I thought you did a Windows System Restore - but I now see in the reports that Dell had you do a restore to factory settings (a Vista re-install).

The memory dumps are gone - deleted during the re-install when the OS drive was re-formatted. 

I see no evidence of BSODs since re-install dated * 23/11/2008, 11:38:52 AM*.

The only error that I see at this time is Photoshop v10 failing.

Have you had other trouble in the last 2 days since the reports produced?

Regards. . .

jcgriff2

.


----------



## MediaGord (Nov 24, 2008)

Turns out I did a Hardware Test and got this error code:

Error Code: 0F00:1332

Msg: DISK_0-Block 4928512: Interupt Request(IRQ)not sent in time


Dell told me that was the memory specifically.
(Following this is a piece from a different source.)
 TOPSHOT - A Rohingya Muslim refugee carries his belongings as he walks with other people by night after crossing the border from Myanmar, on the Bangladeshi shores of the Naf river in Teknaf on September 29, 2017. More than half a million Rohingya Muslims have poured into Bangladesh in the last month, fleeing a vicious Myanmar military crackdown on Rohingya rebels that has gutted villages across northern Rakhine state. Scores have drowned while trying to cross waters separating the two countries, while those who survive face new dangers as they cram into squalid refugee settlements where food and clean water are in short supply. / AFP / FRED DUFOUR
So they had me take out the memory and put it back in, telling me they may not have been isnerted well enough.

I did that, and am getting a call back from them tomorrow.

If there's anything else you know about this it would be helpful. They said ti might be fixed now though, so I just have to wait and see if it Blue Screens again.


----------



## jcgriff2 (Sep 30, 2007)

Hi. . .

A 0x50 bugcheck can certainly be caused by faulty RAM. Was the hardware test that found the RAM issue memtest86+?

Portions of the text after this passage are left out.